■ **ABOUT THIS TASK**: Beginning at the line that contains "2013 Toyota Highlander Limited", output each line exactly through the end of the records, and drop any pictures.

[Data records]
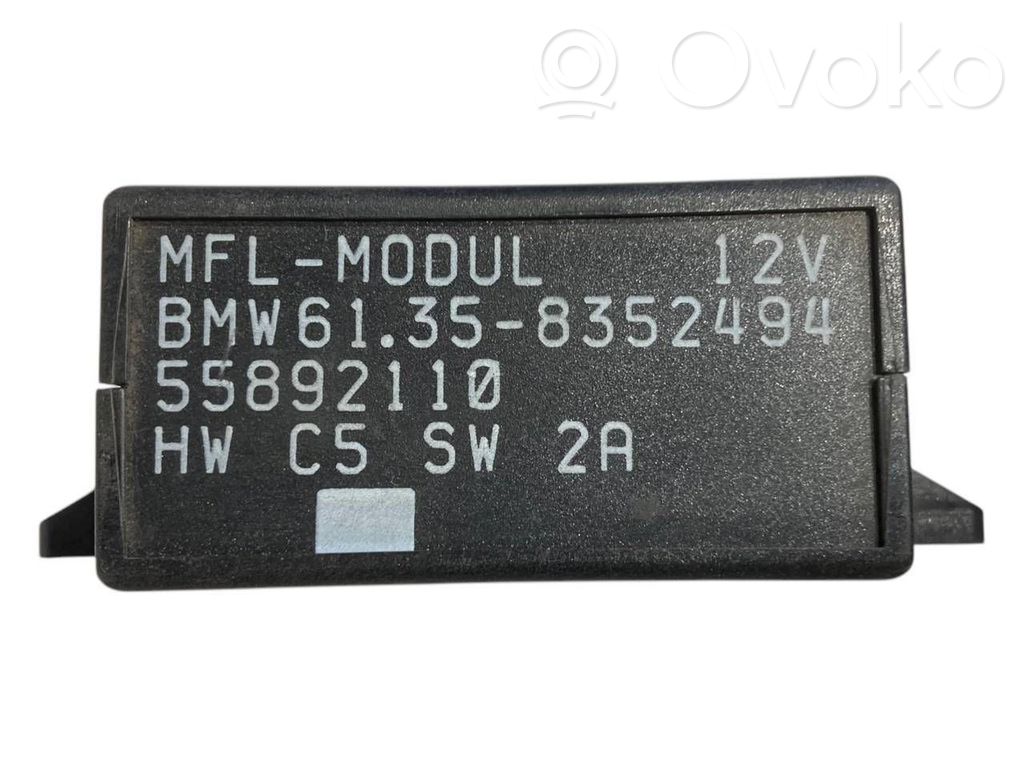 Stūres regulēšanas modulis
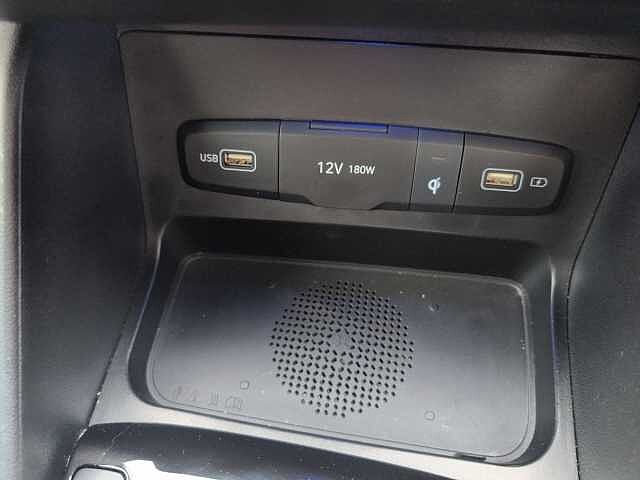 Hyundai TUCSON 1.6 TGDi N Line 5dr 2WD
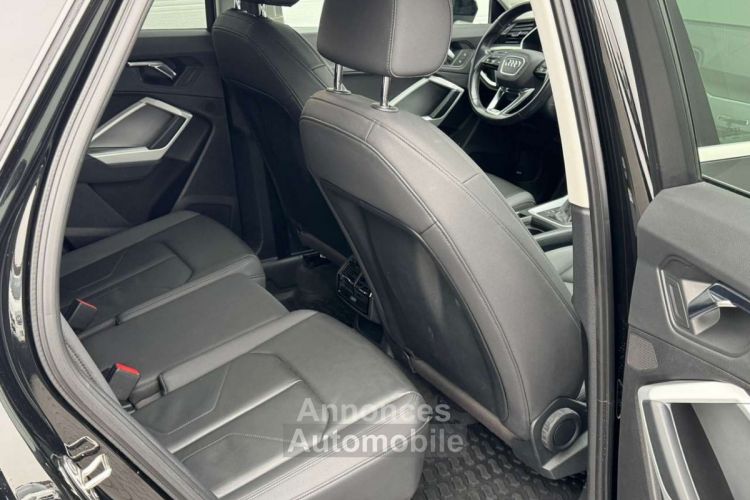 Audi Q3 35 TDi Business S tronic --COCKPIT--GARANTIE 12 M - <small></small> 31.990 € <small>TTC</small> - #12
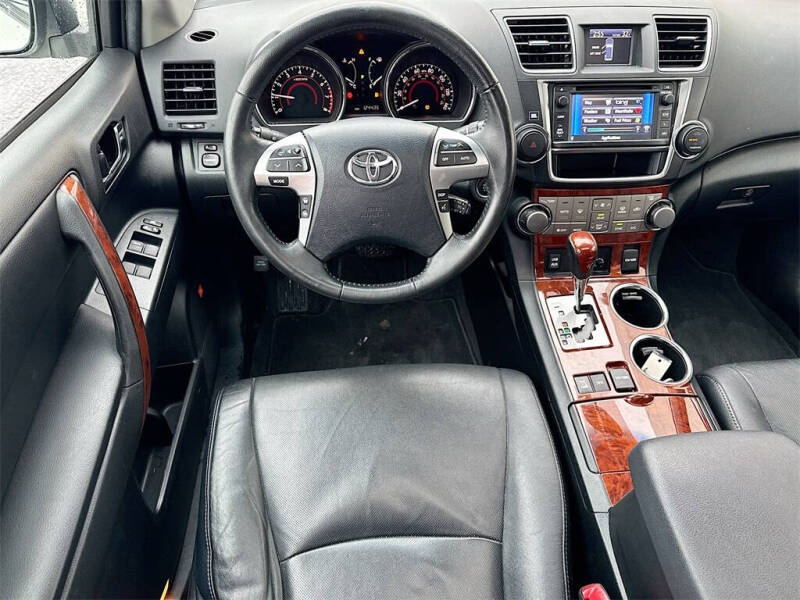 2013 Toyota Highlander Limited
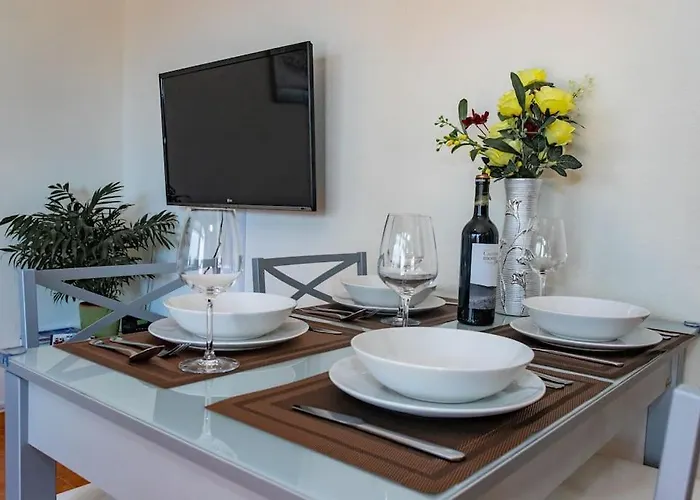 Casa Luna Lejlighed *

■ **TASK ANSWER**:
 2013 Toyota Highlander Limited
 Casa Luna Lejlighed *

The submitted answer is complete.